Per-script invocation
Most scripts run plainly; the special cases are centralised and explicit. 04-dovecot.sh is invoked with ENABLE_POP3=1 to match this build. The orchestrator deliberately does not pass any --force — it relies on each script's own state markers, so to truly redo a stage you clear that marker (as each script's docs describe) and re-run.

Stop-on-failure
set -Eeuo pipefail plus an explicit check means any non-zero exit halts the chain immediately. On failure it prints which script failed, its exit code, the two ways to resume, and exactly where to look (the install log and that script's report).

Post-hardening AIDE refresh
After 16-hardening.sh succeeds, it runs aide --update and rolls the new database into place (and rkhunter --propupd), so the post-hardening state becomes the new known-good baseline. Non-fatal if the new DB isn't produced — it's logged for review.

Resume state
Records the last successfully completed script to /var/lib/netaport/state/00-run-all.last-completed.

Post-deploy reminders (printed on success)
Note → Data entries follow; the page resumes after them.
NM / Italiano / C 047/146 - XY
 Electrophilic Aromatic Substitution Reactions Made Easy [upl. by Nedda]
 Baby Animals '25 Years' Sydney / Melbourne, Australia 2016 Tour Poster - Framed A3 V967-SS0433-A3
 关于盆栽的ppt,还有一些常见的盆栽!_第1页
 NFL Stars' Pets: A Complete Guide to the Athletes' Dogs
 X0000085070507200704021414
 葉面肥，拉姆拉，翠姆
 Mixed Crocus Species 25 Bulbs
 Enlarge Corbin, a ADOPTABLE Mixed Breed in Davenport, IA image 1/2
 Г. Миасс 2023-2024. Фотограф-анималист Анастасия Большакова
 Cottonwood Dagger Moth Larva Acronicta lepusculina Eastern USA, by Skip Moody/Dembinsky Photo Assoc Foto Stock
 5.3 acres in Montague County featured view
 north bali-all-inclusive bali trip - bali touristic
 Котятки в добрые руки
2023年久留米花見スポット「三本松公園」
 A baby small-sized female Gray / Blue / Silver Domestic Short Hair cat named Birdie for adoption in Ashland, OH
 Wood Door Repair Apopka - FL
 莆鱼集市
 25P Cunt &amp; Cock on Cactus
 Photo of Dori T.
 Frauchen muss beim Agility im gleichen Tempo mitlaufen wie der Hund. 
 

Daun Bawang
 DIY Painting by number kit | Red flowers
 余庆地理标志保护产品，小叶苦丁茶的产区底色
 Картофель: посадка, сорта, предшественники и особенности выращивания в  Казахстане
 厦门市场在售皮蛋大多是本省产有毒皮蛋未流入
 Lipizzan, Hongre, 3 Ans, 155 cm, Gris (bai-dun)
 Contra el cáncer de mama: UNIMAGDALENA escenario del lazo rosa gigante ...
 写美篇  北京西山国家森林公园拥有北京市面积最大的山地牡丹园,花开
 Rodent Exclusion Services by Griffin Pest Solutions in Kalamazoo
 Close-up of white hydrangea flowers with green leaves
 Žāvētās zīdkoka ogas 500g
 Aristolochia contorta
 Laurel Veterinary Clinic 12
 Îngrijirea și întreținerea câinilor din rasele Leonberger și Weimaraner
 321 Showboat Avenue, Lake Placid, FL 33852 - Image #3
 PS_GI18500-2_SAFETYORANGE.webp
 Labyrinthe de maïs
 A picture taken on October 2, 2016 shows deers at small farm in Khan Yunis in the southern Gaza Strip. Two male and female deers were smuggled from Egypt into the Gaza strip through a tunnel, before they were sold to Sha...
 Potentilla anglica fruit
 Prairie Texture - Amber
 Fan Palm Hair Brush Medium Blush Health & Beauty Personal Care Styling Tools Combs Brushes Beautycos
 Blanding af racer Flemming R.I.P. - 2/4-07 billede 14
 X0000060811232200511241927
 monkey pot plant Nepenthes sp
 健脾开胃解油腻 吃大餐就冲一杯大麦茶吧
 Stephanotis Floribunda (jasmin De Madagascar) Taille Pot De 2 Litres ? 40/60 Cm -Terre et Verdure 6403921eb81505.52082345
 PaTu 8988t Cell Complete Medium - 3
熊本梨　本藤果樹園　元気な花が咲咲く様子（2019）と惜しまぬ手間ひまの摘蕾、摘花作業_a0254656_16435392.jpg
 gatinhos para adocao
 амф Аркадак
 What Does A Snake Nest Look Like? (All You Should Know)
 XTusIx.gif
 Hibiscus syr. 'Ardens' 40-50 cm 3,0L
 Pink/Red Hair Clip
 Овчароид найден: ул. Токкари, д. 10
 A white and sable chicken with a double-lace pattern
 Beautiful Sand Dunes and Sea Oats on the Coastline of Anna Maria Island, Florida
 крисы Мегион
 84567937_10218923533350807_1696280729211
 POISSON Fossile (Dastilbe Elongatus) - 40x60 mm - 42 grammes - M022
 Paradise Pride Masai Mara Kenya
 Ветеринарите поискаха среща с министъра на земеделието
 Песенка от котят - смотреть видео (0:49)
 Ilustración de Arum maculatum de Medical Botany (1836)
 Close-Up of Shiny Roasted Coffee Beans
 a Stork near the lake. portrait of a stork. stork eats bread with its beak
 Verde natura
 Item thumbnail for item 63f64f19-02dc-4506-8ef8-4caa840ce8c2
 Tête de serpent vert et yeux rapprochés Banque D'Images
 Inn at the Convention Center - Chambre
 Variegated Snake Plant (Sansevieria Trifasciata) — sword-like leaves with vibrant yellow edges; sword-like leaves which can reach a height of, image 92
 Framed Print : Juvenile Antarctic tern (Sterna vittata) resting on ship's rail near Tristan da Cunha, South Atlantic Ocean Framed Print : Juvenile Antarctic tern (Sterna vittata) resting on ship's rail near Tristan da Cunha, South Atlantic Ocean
Publish DKIM/SPF/DMARC DNS + PTR before sending production mail (DKIM record at /root/netaport-reports/dkim-dns-records.txt)
Once the FQDN's DNS is live, re-run 08-roundcube.sh to obtain a real Let's Encrypt cert (Certbot auto-engages, stapling switches on)
After deploying SSH keys, re-run 16-hardening.sh with KEYS_ONLY=1
Store the restic repo password (from 17) OFF this host — it is unrecoverable if lost

Engineering notes

Resume-aware via per-script state markers — no wasted work on re-run
Stop-on-first-failure with an exact, actionable resume message
Special cases (POP3, post-16 baseline refresh) centralised and auditable
--list and --from N for inspection and targeted restarts
Must run as root; logs to /var/log/netaport-install.log
set -Eeuo pipefail throughout

The full script

Code: Select all


#!/usr/bin/env bash
#==============================================================================
# NETAPORT MailStack Enterprise v3 — 00-run-all orchestrator
#
# Runs the 17 install scripts in order. STOPS on the first script that fails,
# printing exactly which one and how to resume. Because each script is
# idempotent (it skips stages already marked done), simply re-running this
# orchestrator after you fix the failing script resumes from that point:
# everything that already passed is fast-skipped.
#
# Usage:
#   ./00-run-all.sh                 # run from the beginning (resume-aware)
#   ./00-run-all.sh --from 11       # force-start at a specific script number
#   ./00-run-all.sh --list          # show the run order and exit
#
# Notes:
#   * Script 04 (Dovecot) is invoked with ENABLE_POP3=1 to match this build.
#   * After script 16 (hardening), the AIDE baseline is refreshed inline so the
#     nightly integrity check does not flag 16's own changes as violations.
#   * This orchestrator does NOT pass --force; it relies on each script's own
#     state markers. To truly redo a stage, clear its marker as the script docs
#     describe, then re-run this orchestrator.
#==============================================================================
set -Eeuo pipefail

#------------------------------ CONFIG ----------------------------------------
SCRIPT_DIR="$(cd "$(dirname "${BASH_SOURCE[0]}")" && pwd)"
LOG_FILE="/var/log/netaport-install.log"
RUNNER_STATE="/var/lib/netaport/state/00-run-all.last-completed"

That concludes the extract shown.